- [Work order]: At the line containing "تامر حسني يدشن", begin an exact copy of the lines below and continue through the final one, with no pictures.

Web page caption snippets
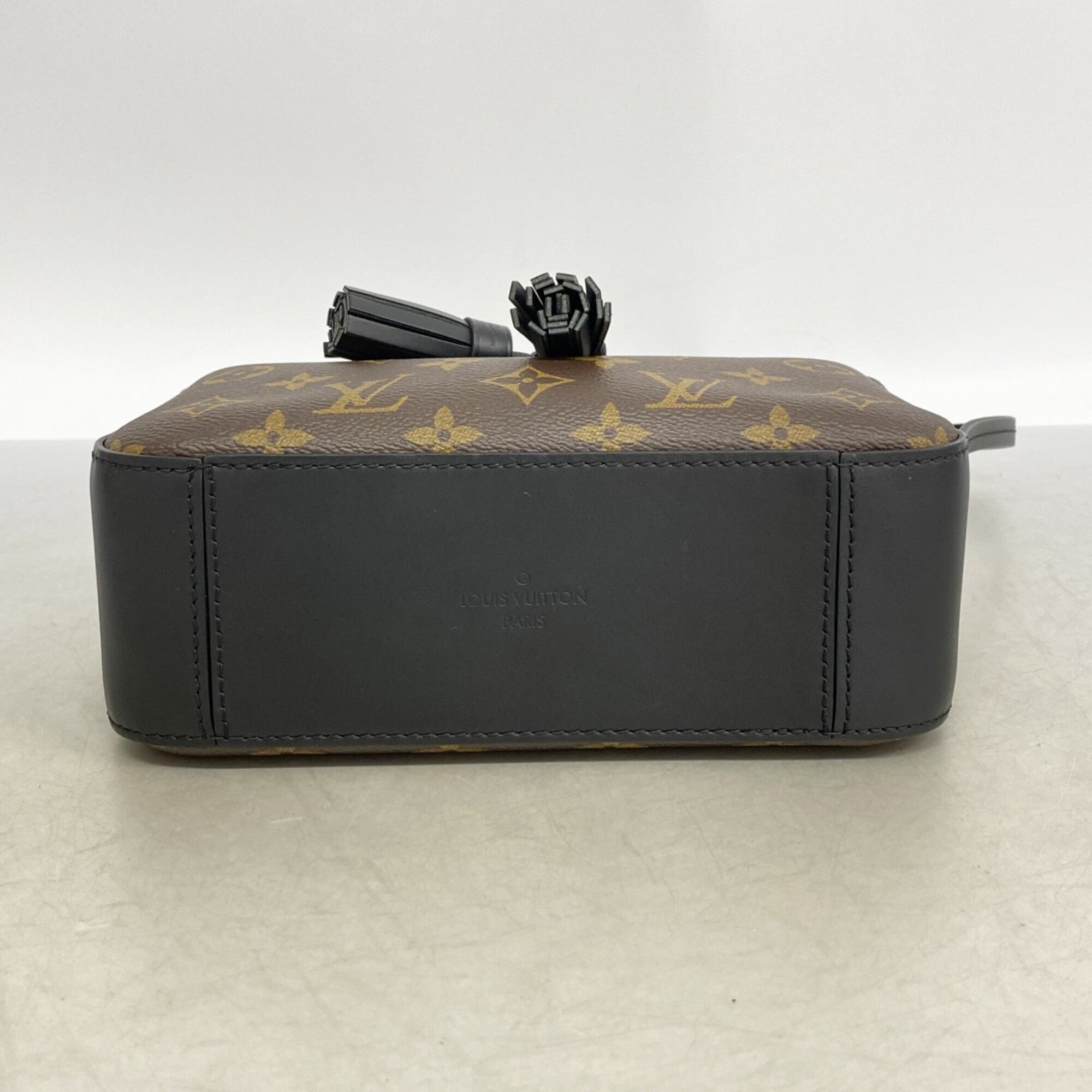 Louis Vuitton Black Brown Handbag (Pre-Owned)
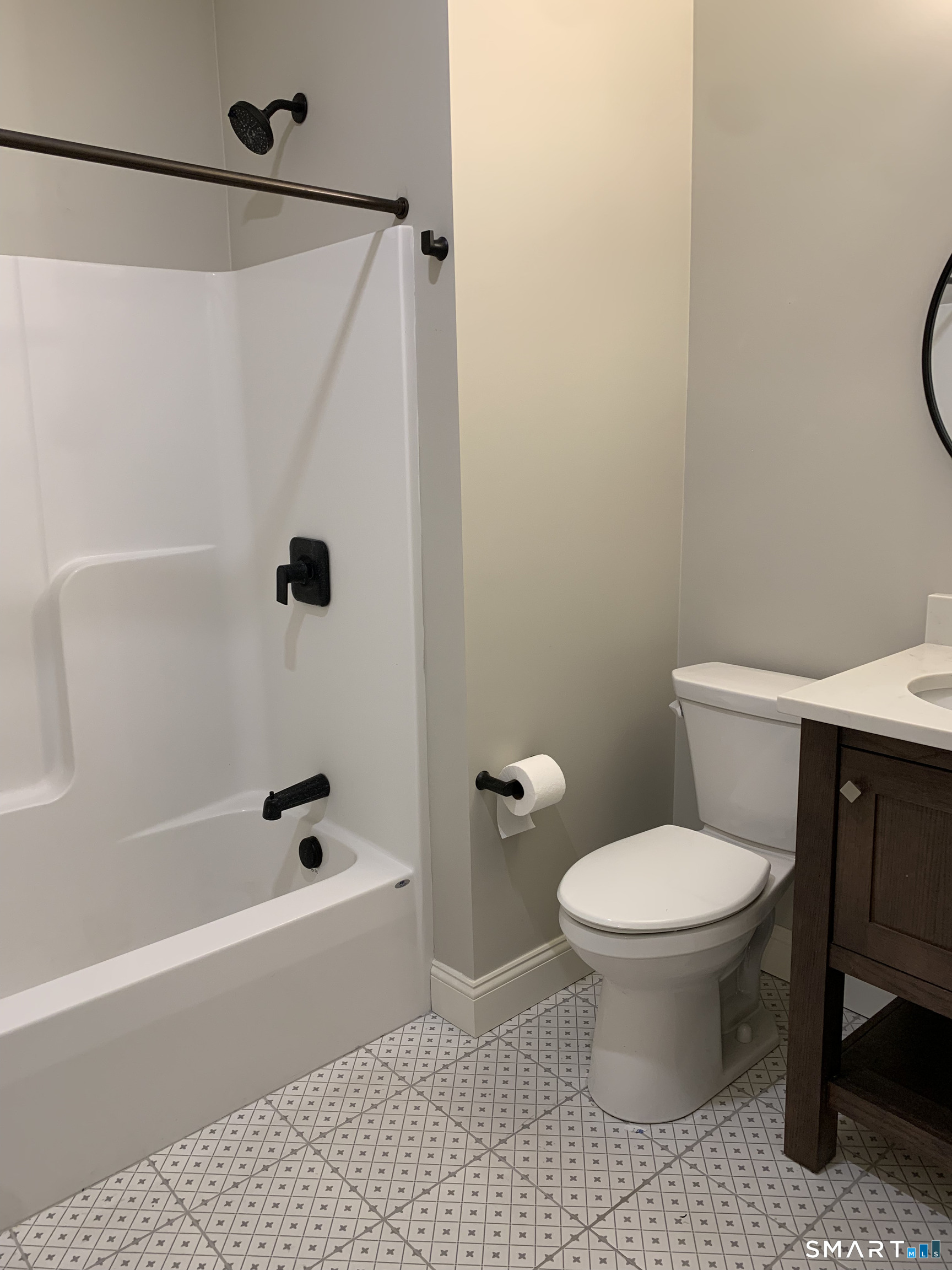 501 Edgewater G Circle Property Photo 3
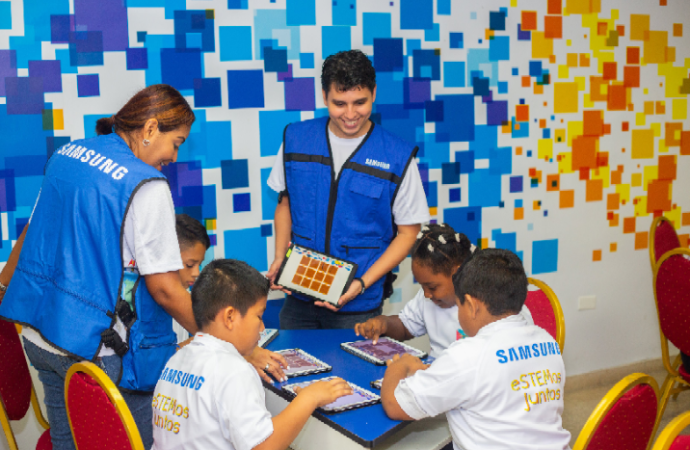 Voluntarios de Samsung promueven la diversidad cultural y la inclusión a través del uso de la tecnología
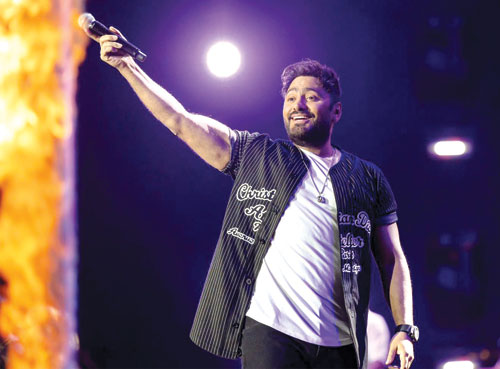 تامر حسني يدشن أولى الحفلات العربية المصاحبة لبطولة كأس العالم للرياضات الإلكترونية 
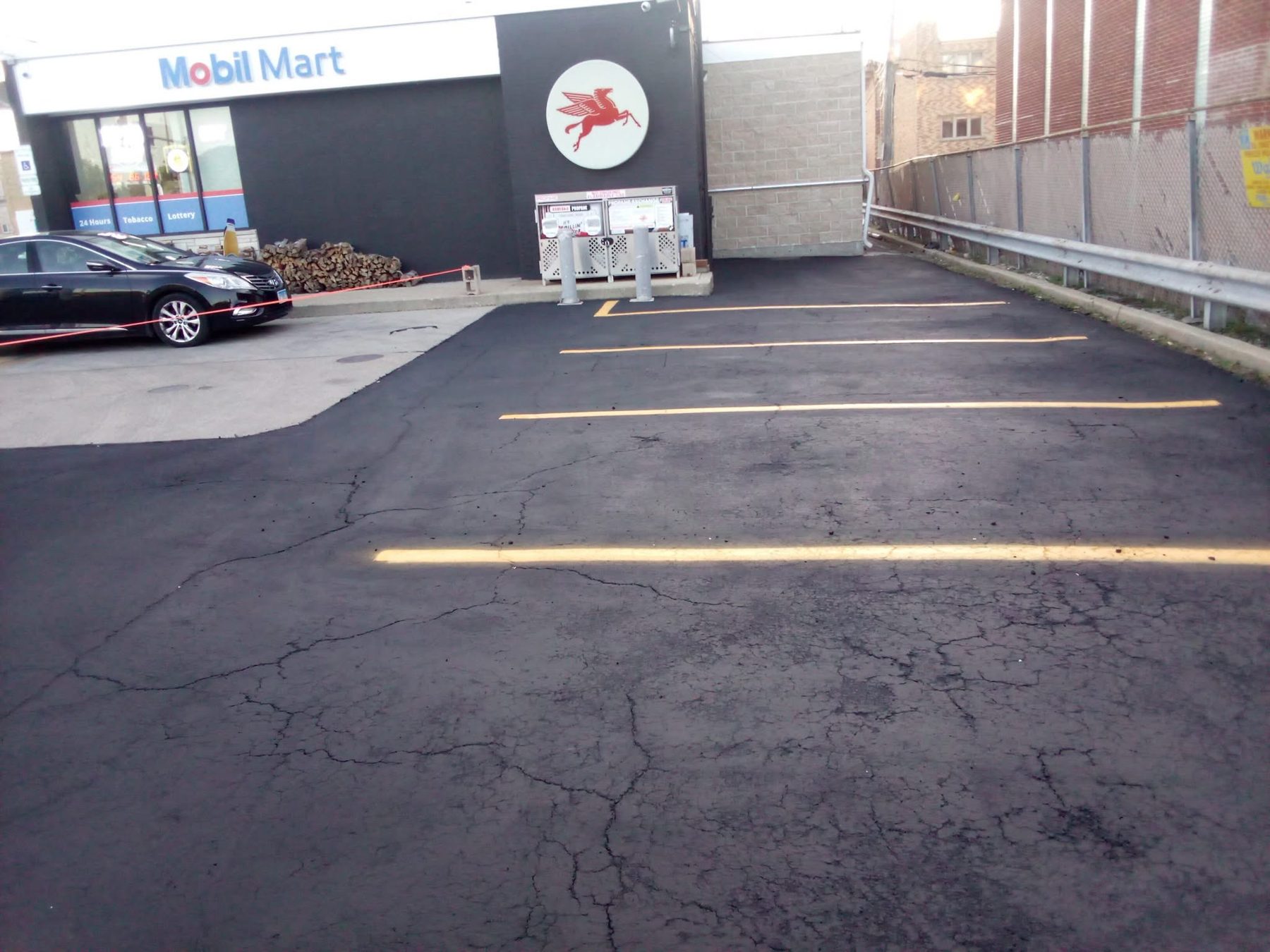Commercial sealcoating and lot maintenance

- [Task response]:
 تامر حسني يدشن أولى الحفلات العربية المصاحبة لبطولة كأس العالم للرياضات الإلكترونية 
Commercial sealcoating and lot maintenance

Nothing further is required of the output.